These muscle-like fibres, developed by a team from The University of Texas at Austin and Penn State University, are reportedly simple to make and recycle.
In a new paper published in Nature Nano, the researchers showed that these fibres are more efficient, flexible and able to handle increased strain compared to existing solutions.
“You can basically build a limb from these fibres in a robot that responds to stimuli and returns power, instead of using a mechanical motor to do this, and that’s good because then it will have a softer touch,” said Manish Kumar, an associate professor in UT Autsin’s Cockrell School of Engineering’s Department of Civil, Architectural and Environmental Engineering and one of the lead authors of the paper.
This kind of robotic arm could be used in an assistive exoskeleton to help people with weak arms regain movement and strength. The team added that another potential application could be a form of "self-closing bandage" that could be used in surgical procedures and naturally degrade inside the body once the wound heals.
“Actuators are any material that will change or deform under any external stimuli, like parts of a machine that will contract, bend, or expand,” said Robert Hickey, assistant professor of materials science and engineering at Penn State and corresponding author on the paper. “And for technologies like robotics, we need to develop soft, lightweight versions of these materials that can basically act as artificial muscles.
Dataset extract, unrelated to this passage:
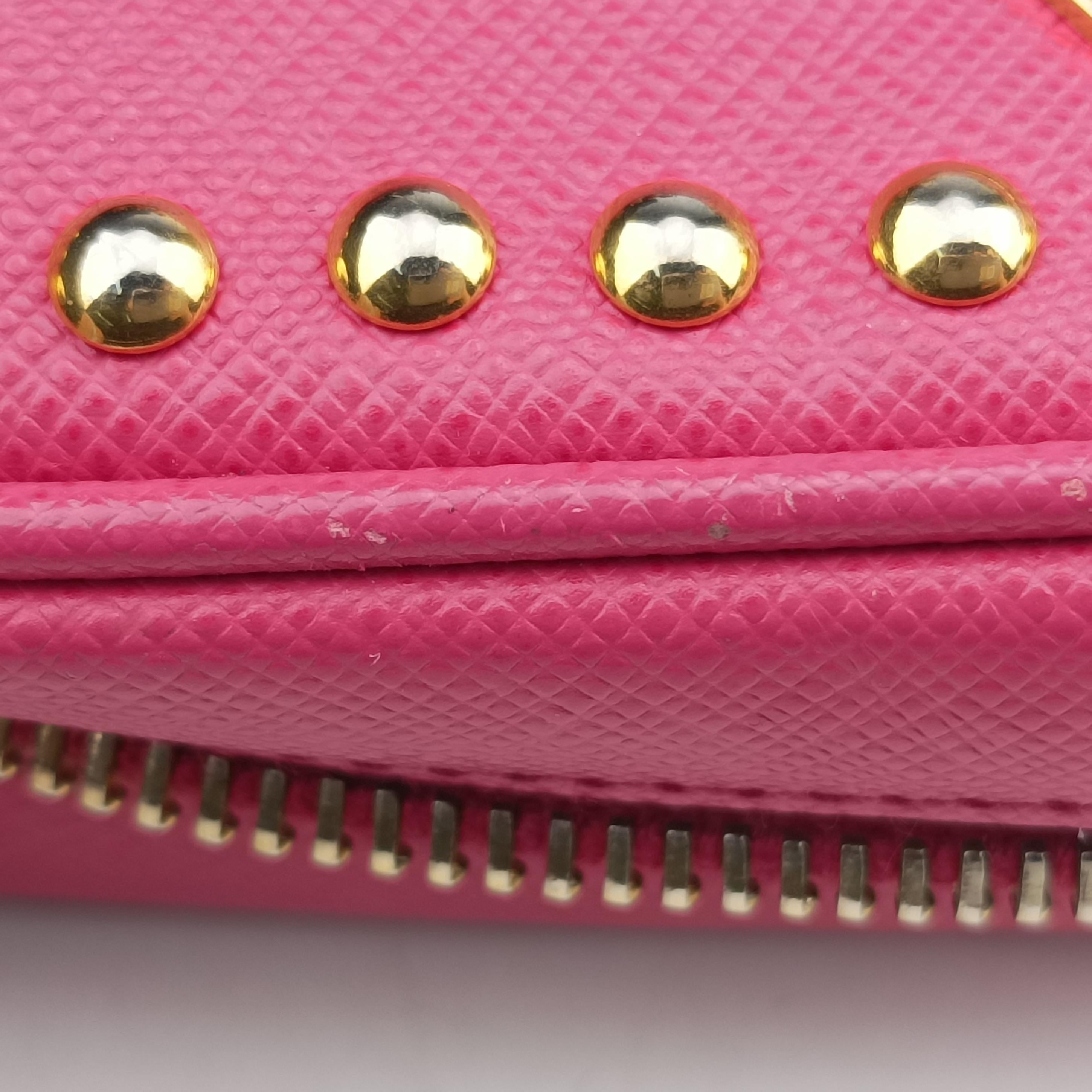 Bijou crystal studs Pink SAFFIANO Leather 1N1674 224ビジュークリスタルスタッズ ピンク サフィアーノレザー 1N1674 224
Our work is really about finding a new way to do this.”
The fibre material is a block co-polymer and creating it requires putting the polymer in a solvent and adding water. One part of the polymer is hydrophilic, while the other part is hydrophobic. The hydrophobic parts of the polymer group together to shield themselves from the water, creating the structure of the fibre.
Similar existing fibres require an electric current to stimulate the reactions that bond parts together. This chemical cross-linking is harder to make happen, compared to the researchers' new fibre, which is a mechanical reaction. According to UT Austin, it is simple to reverse the process and return the pieces of the fibre to their original states.
"The ease of making these fibres from the polymer and their recyclability are very important, and it's an aspect that much of the other complicated artificial muscle research doesn't cover," Kumar said in a statement.
The researchers found their fibres were 75 per cent more efficient in terms of converting energy to movement, able to handle 80 per cent more strain and could rotate with more speed and force than current actuators. Furthermore, it can stretch to over 900 per cent of its length before it breaks.
The researchers next plan to learn more about the structural changes of the polymer and improve some of the actuation properties, including energy density and speed. They also may use this same design technique to create actuators that respond to different stimuli, such as light.